__Problem requirements__
Retype, exactly as they appear below, the lines between the line holding "I'll be making" and the line holding "Alright guys, that'll", both ends included.

__Exercise data__
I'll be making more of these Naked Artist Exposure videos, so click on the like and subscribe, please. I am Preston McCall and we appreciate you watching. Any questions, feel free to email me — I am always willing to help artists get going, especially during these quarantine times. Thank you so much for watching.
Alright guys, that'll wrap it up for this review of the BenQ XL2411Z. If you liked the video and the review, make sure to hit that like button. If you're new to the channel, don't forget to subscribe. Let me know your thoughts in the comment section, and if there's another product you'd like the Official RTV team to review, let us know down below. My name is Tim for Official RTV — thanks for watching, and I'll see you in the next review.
==
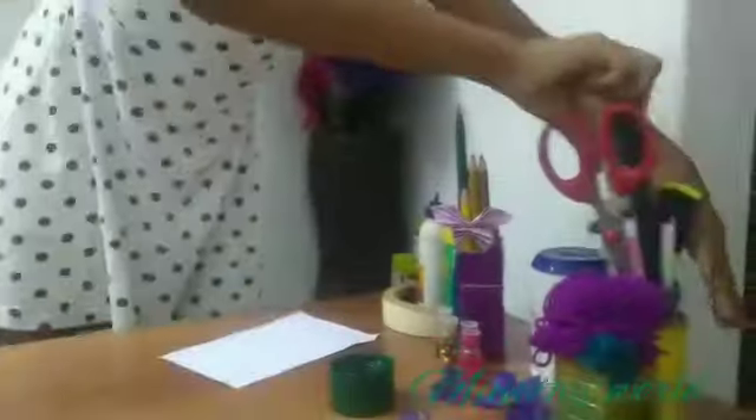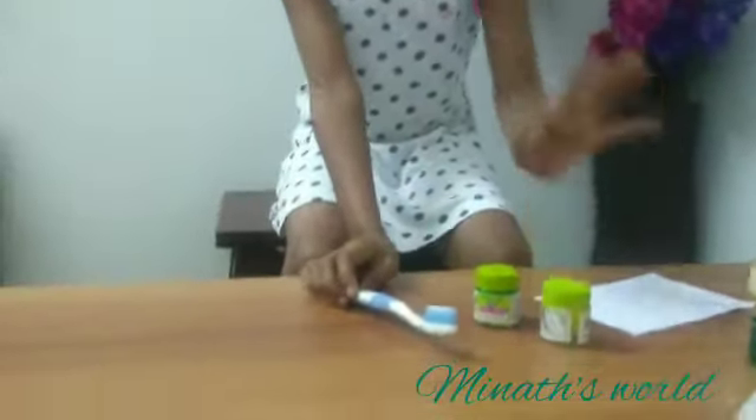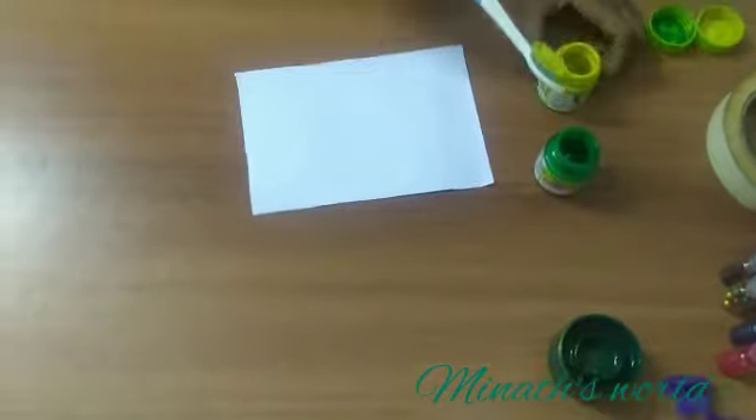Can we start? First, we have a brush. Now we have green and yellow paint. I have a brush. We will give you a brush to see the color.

__Solution to this exercise__
I'll be making more of these Naked Artist Exposure videos, so click on the like and subscribe, please. I am Preston McCall and we appreciate you watching. Any questions, feel free to email me — I am always willing to help artists get going, especially during these quarantine times. Thank you so much for watching.
Alright guys, that'll wrap it up for this review of the BenQ XL2411Z. If you liked the video and the review, make sure to hit that like button. If you're new to the channel, don't forget to subscribe. Let me know your thoughts in the comment section, and if there's another product you'd like the Official RTV team to review, let us know down below. My name is Tim for Official RTV — thanks for watching, and I'll see you in the next review.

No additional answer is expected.